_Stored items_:
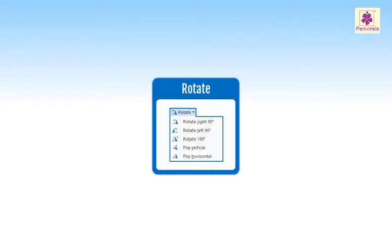You have learnt about MS Paint in previous grades. This year we will learn more about it. Let's learn how to turn a picture in different directions.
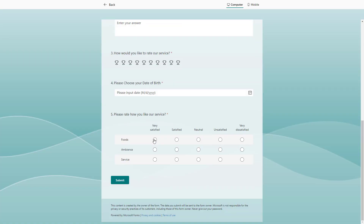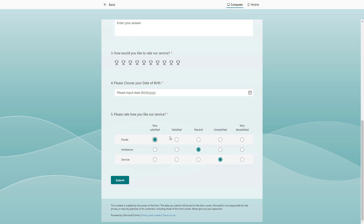Now I can go to 'Preview' and you can see the result. You can select, for example, 'Satisfied' or 'Neutral' for Food, 'Very Satisfied' for Ambience, and 'Unsatisfied' for Service — choosing a rating for each area. And that is how you add Likert-based questions inside of Microsoft Forms. I hope you learned something — please like, comment, share, and subscribe.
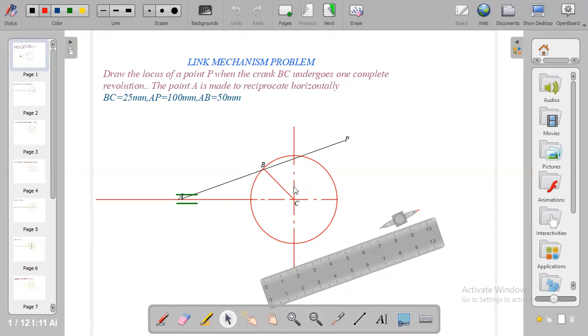Hi everyone, in this video I'm going to show you how to solve a link mechanism problem. Draw the locus of a point P when the crank BC undergoes one complete revolution. The point A is made to reciprocate horizontally.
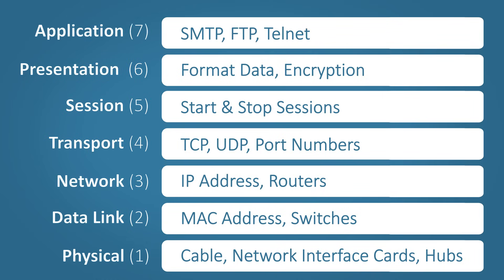Layer seven, application. This layer is where the application and user communicates. Application specific protocols are used here, such as SMTP. If you're sending an email, for example, a really good way to remember these layers is simply all people seem to need data processing.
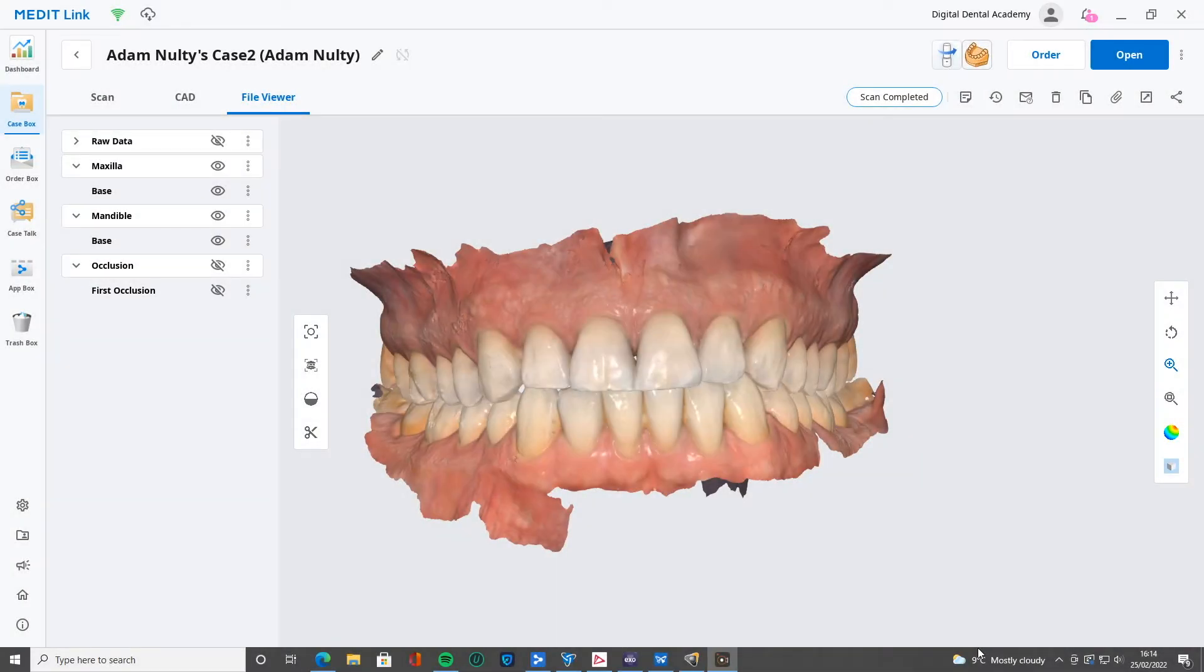Hi everyone. I'm going to show you the first of the apps we're going to talk about from MeditLink. This one is the Model Builder in MeditLink.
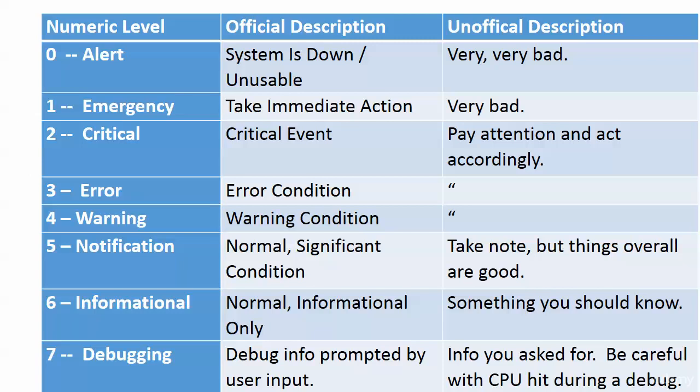From zero to six, we're looking at alert. The official description is system is down and/or unusable. The unofficial Chris Bryant description that will not appear on your exam is 'this is very, very bad.' Emergency means take immediate action—that is very bad. Critical means there's a critical event you should pay attention and act accordingly.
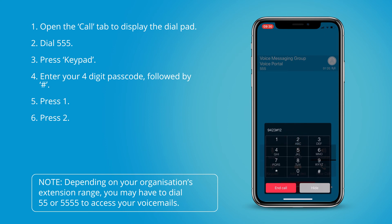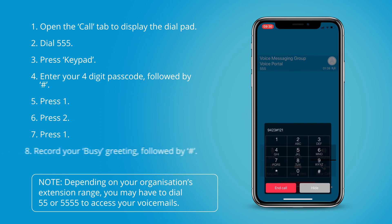To record a new busy greeting press 1. Please start recording after the tone. To end recording press hash.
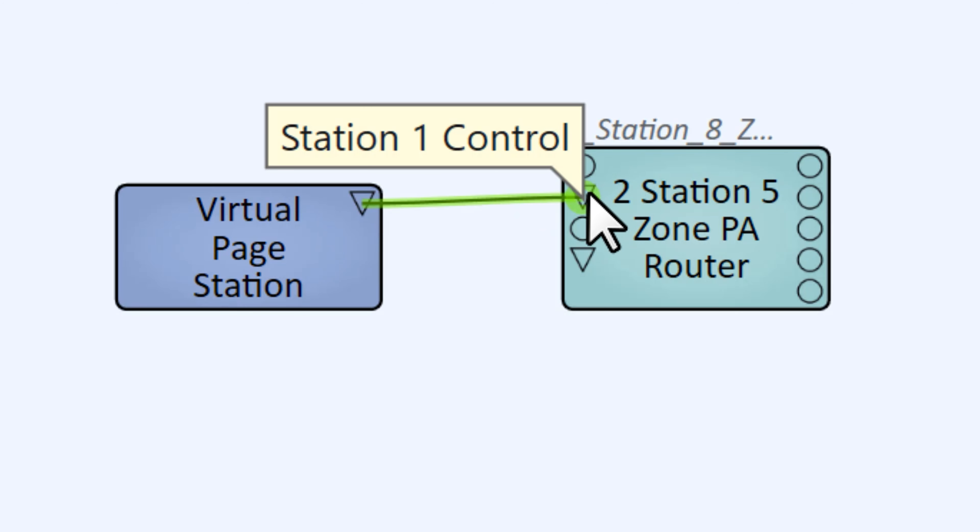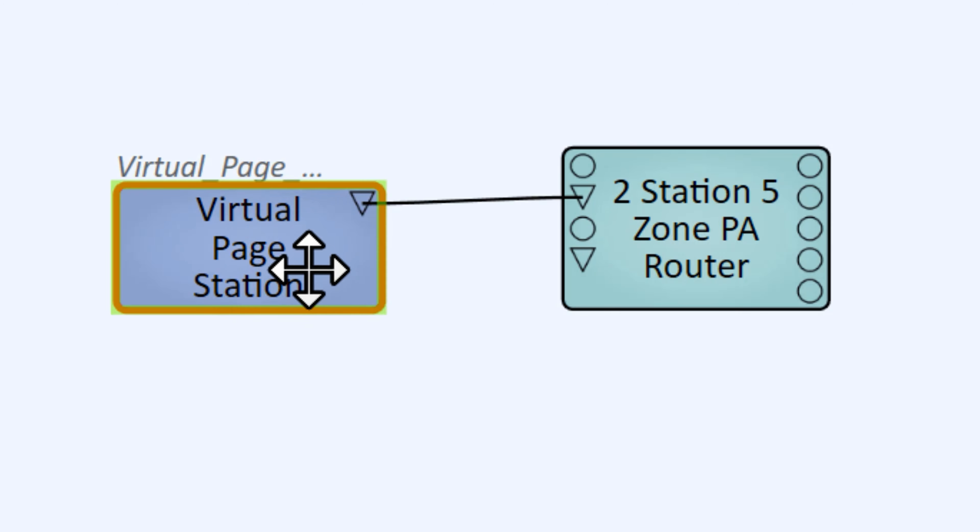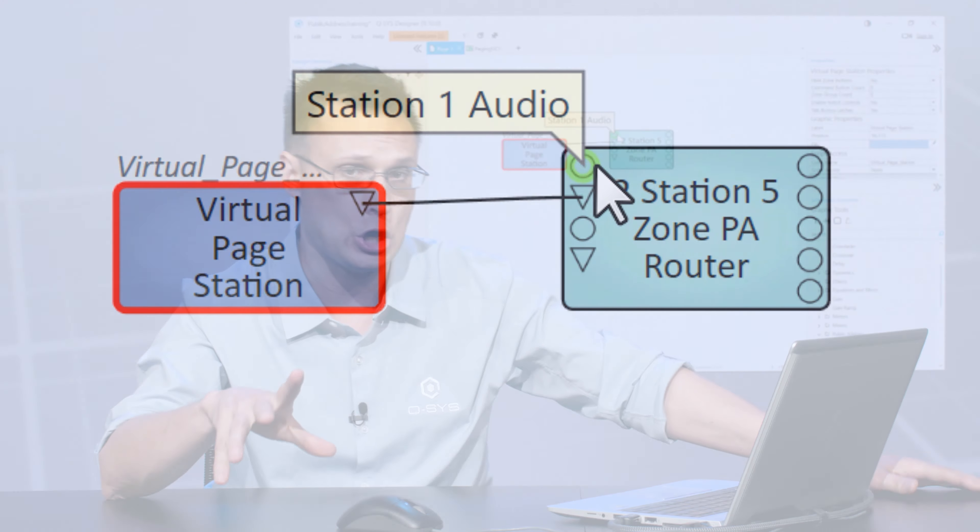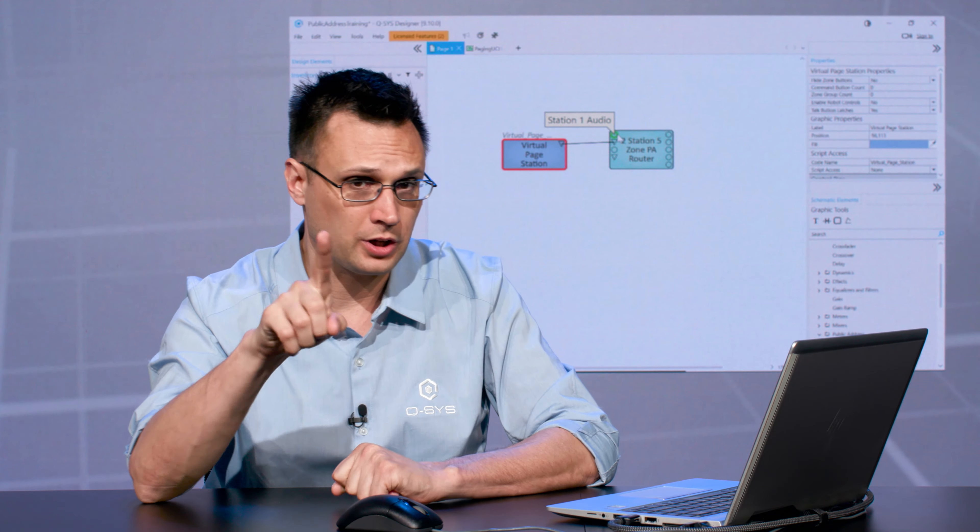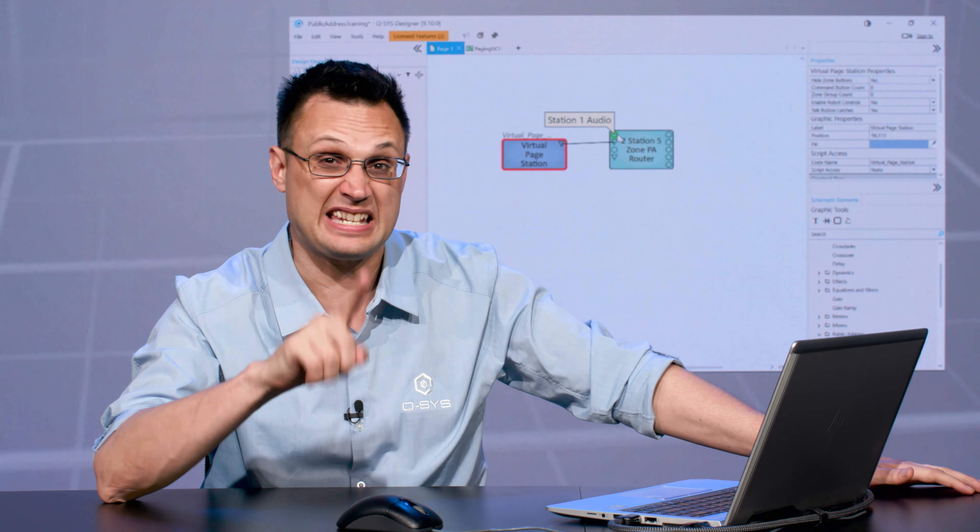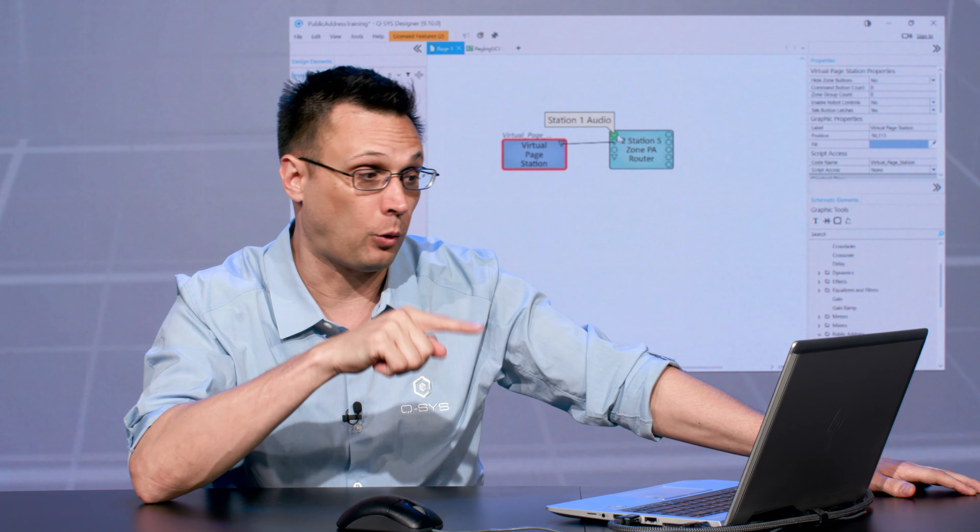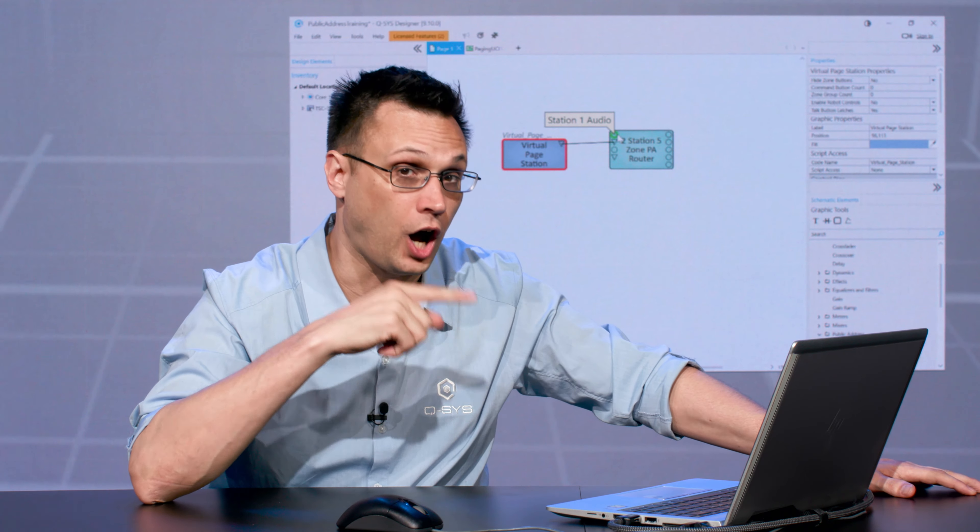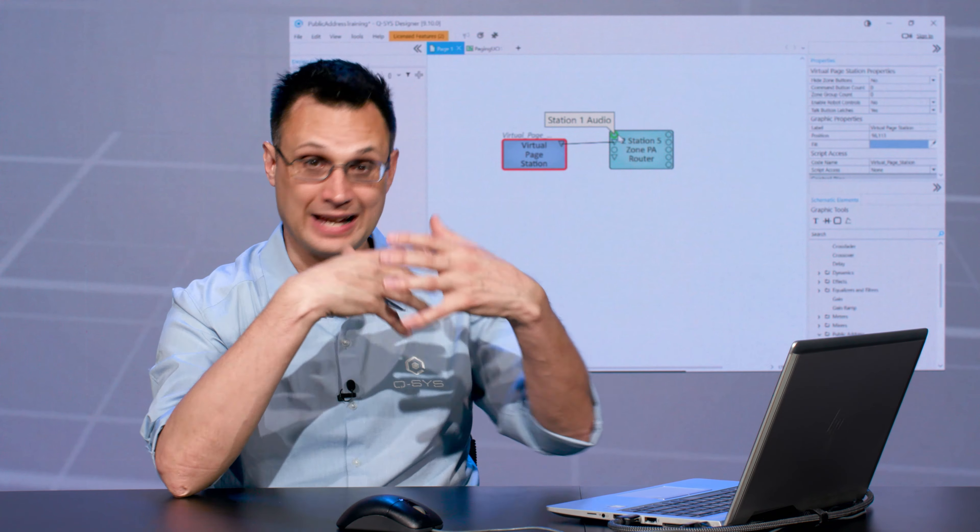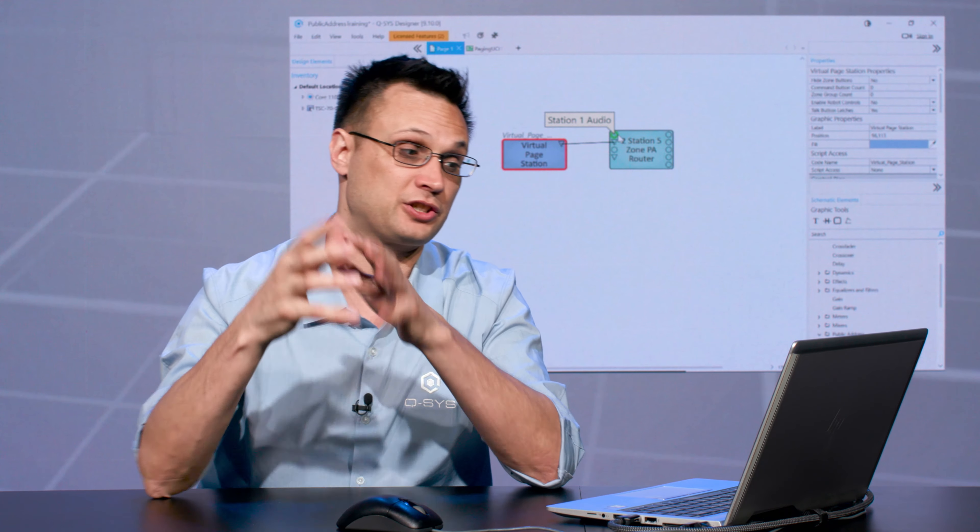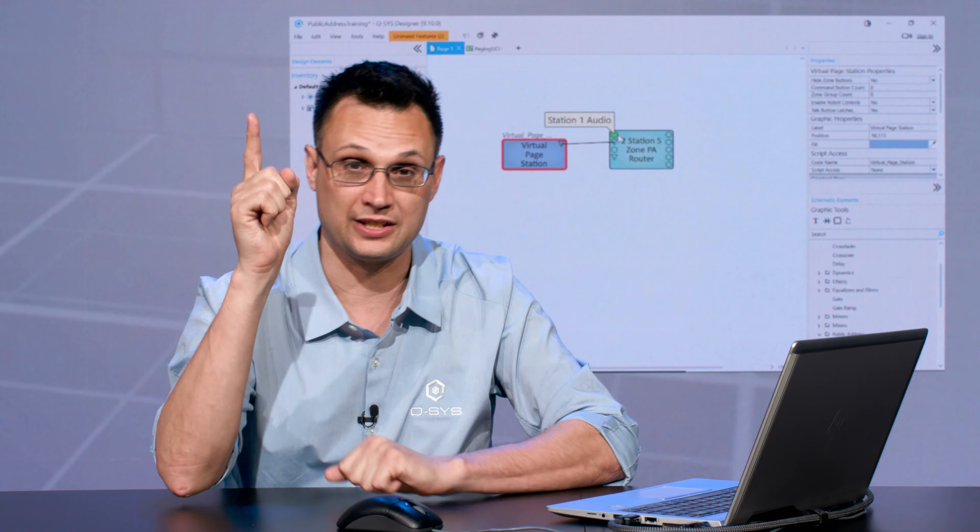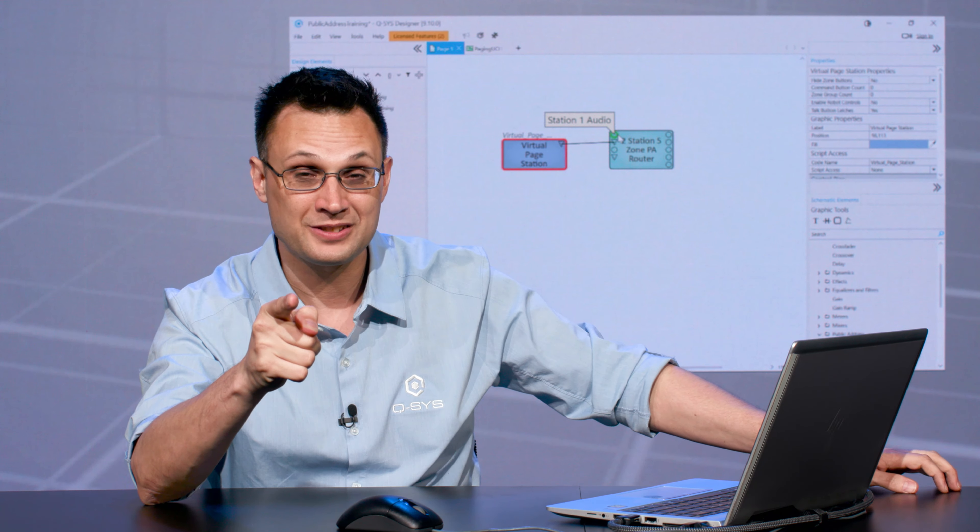If you hover over the pin, it says 'Station One Control.' Now above that is a pin that says 'Station One Audio.' I would argue that this is actually not the best name for this pin. Station One Audio implies that you would need to wire any kind of audio that you're going to be making from this page station through that pin, and that is not true.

_TASK TO COMPLETE_:
An unchanged copy of the data, images excluded, is all that should be given.

_SOLUTION_:
You have learnt about MS Paint in previous grades. This year we will learn more about it. Let's learn how to turn a picture in different directions.
Now I can go to 'Preview' and you can see the result. You can select, for example, 'Satisfied' or 'Neutral' for Food, 'Very Satisfied' for Ambience, and 'Unsatisfied' for Service — choosing a rating for each area. And that is how you add Likert-based questions inside of Microsoft Forms. I hope you learned something — please like, comment, share, and subscribe.
Hi everyone, in this video I'm going to show you how to solve a link mechanism problem. Draw the locus of a point P when the crank BC undergoes one complete revolution. The point A is made to reciprocate horizontally.
Layer seven, application. This layer is where the application and user communicates. Application specific protocols are used here, such as SMTP. If you're sending an email, for example, a really good way to remember these layers is simply all people seem to need data processing.
Hi everyone. I'm going to show you the first of the apps we're going to talk about from MeditLink. This one is the Model Builder in MeditLink.
From zero to six, we're looking at alert. The official description is system is down and/or unusable. The unofficial Chris Bryant description that will not appear on your exam is 'this is very, very bad.' Emergency means take immediate action—that is very bad. Critical means there's a critical event you should pay attention and act accordingly.
To record a new busy greeting press 1. Please start recording after the tone. To end recording press hash.
If you hover over the pin, it says 'Station One Control.' Now above that is a pin that says 'Station One Audio.' I would argue that this is actually not the best name for this pin. Station One Audio implies that you would need to wire any kind of audio that you're going to be making from this page station through that pin, and that is not true.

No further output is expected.